The answer is a combination of things, the core of which is a currency called Terra (Luna), which is meant to be a stablecoin. Stablecoins are backed by real assets, such as US dollars, and are meant to be, therefore, much more, well, stable. How did Terra become unstable? More importantly, having peaked at $120 per coin in April, how could it lose 98% of its value in under 24 hours on May 11?

The answer is, essentially, because there was a downturn in all crypto during April and May, but more importantly because Terra is not the same as other stablecoins which are backed by real assets. Terra was issued as an algorithmic stablecoin. Unlike other stablecoins, this means that is uses blockchain technology to print money using smart contracts, similar to the way Ethereum’s smart contracts work. The aim of the algorithm is to ensure that Terra’s value remained at $1 per coin.

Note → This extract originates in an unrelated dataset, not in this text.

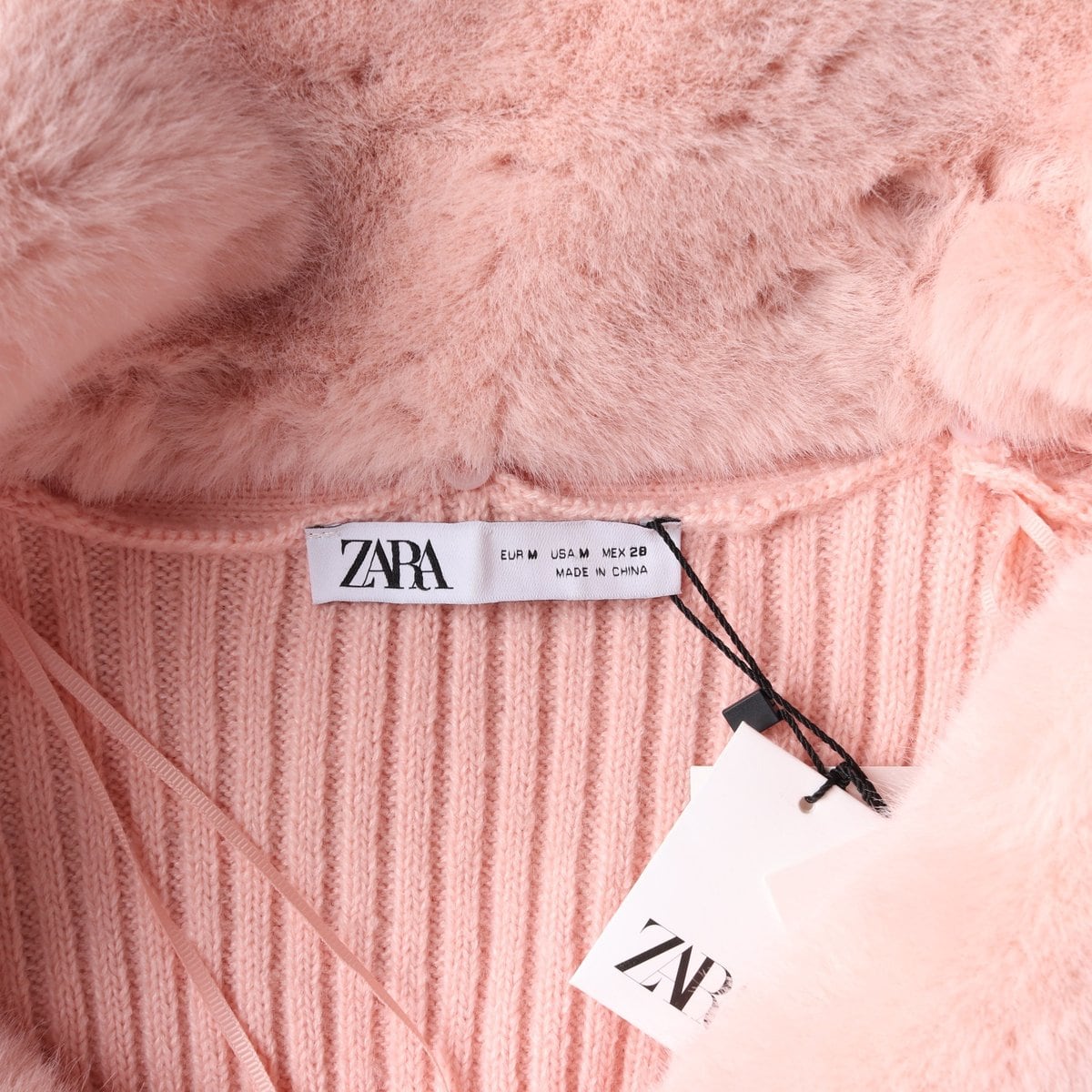 (새상품)ZARA 자라 핑크 퍼 숄 카라 골지 숏 가디건 M 상세 이미지 6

However, the smart contracts can only be executed while the currency has the belief of investors. When investors started losing faith and began withdrawing funds, the knock-on effect was that the algorithm could no longer execute contracts to maintain parity with the US dollar. The price dropped to $0.70 and then again to $0.35 per coin. In other words, as more people withdrew funds the harder it became for the algorithms to keep the coin stable.

The stabiliser is meant to be the Luna token. When Terra dips below $1, it can be swapped for Luna tokens (at a small profit). In theory, that’s meant to keep the value of both stable. But people lost faith in Luna tokens at exactly the same time as withdrawing money from Terra. The price of the “sister” token dropped from about $86 at the start of the week to just $0.003 on Friday 13. Essentially, investors rushed to liquidate their digital assets quicker than the “algorithmic stabiliser” could deal with it.

A lack of substance?

This development has raised questions among crypto-watchers. The fundamental questions are: how could a cryptocurrency, using the technologies that are meant to create stability, drop from a market cap of $40bn to $500m overnight? Could that happen to bitcoin and other cryptocurrencies? Is this market just a massive Ponzi scheme, or does it have substance?

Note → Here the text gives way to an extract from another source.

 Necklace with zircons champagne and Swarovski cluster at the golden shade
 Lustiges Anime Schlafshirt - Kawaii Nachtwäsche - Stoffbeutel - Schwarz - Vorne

In the financial community, I am sure many will be sitting with smug smiles on their face. The Germans call it schadenfreude. I call it a sucker punch for those who don’t investigate the markets well and do not understand the risks involved in investment.

If you invested your life savings in a system you don’t understand, then it’s no wonder you have lost that money. Equally, why are you investing your life savings in something you don’t understand? Markets have risk. They go up and down. Only invest what you are prepared to lose. That’s something the financiers understand well.

No sign of stopping

Does this mean a flight to safety, the rise of central bank digital currencies (CBDCs) and the end of bitcoin? No. It is just another bump on the rocky road to creating decentralised finance (DeFi).

Many have never experienced these bumps, but they occur often. The website 99bitcoins.com tracks the media predictions of bitcoin’s expected doom, and there have been many since 2010. And yet, the idea lives on. Why? Because there is a friction between national government-issued coins and networked coins.

It’s quite hard to send cash over the internet and, with the four-pillar model of cards or the percentage-plus costs of intermediaries, it makes absolute sense to try to move to a networked system that is fast and free. That’s what DeFi is trying to achieve.

So, the move to DeFi won’t end here. I’m very aware of the faults and virtues of both systems – fiat currencies and cryptocurrencies – and believe the endgame will be a hybrid model of central bank digital currencies, stablecoins and cryptocurrencies.

The issue with Terra was not the structural faults of these systems. It was the structural faults of Terra, and the fact that too many people believe these currencies are all about ‘HODLing’ (keeping cryptocurrencies as an investment), instead of what currencies are really about: allowing the exchange of value to buy and sell products and services.

That’s where the real fault lies, and it’s nothing to do with a Ponzi scheme. It’s all about creating currencies that work for value exchange in a networked world.